For long time, differential geometry and algebraic topology remained the centre of attraction for geometers.But, in 1956, John Milnor discovered that there were distinct different differentiable structures (even I don’t know what it actually means!) on seven sphere. His arguments brought together topology and analysis in an unexpected way, and doing so initiated the field of differential topology.

Geometric topology has borrowed enormously from the rest of algebraic topology it has returned very scant interest on this “borrowed” capital. It is however full of problems with some of the simplest, in formulation, as yet unsolved. Knot Theory (or in general low-dimensional topology) is one of the most active area of research of this branch of topology. Here I would like to quote R.J. Daverman and R.B. Sher:

Geometric Topology focuses on matters arising in special spaces such as manifolds, simplicial complexes, and absolute neighbourhood retracts. Fundamental issues driving the subject involve the search for topological characterizations of the more important objects and for topological classification within key classes.
Some key contributions to this branch of topology came from Stephen Smale (1960s), William Thurston (1970s), Michael Freedman (1982), Simon Donaldson (1983), Lowell Edwin Jones (1993), F. Thomas Farrel (1993), … and the story continues.

References:

[1] Nicholas Scoville (Ursinus College), “Georg Cantor at the Dawn of Point-Set Topology,” Convergence (May 2012), doi:10.4169/loci003861

[2] André Weil, “Riemann, Betti and the Birth of Topology.” Archive for History of Exact Sciences 20, no. 2 (1979): 91–96. doi:10.1007/bf00327626.

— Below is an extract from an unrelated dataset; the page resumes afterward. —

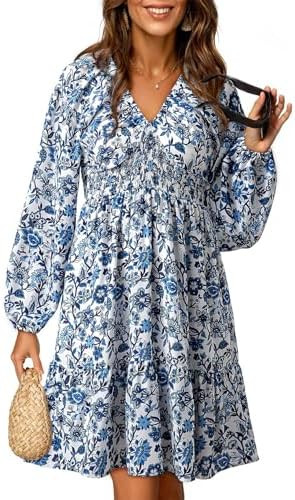 Dokotoo Womens Dresses Boho Floral V Neck Long Sleeve Smocked Elastic Waist Casual A-Line Mini Dr... | Amazon (US)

[3] Johnson, Dale M. “The Problem of the Invariance of Dimension in the Growth of Modern Topology, Part I.” Archive for History of Exact Sciences 20, no. 2 (1979): 97–188. doi:10.1007/bf00327627.

[4] Johnson, Dale M. “The Problem of the Invariance of Dimension in the Growth of Modern Topology, Part II.” Archive for History of Exact Sciences 25, no. 2–3 (December 1981): 85–266. doi:10.1007/bf02116242.

[5] Lefschetz, Solomon. “The Early Development of Algebraic Topology.” Boletim Da Sociedade Brasileira de Matemática 1, no. 1 (January 1970): 1–48. doi:10.1007/bf02628194.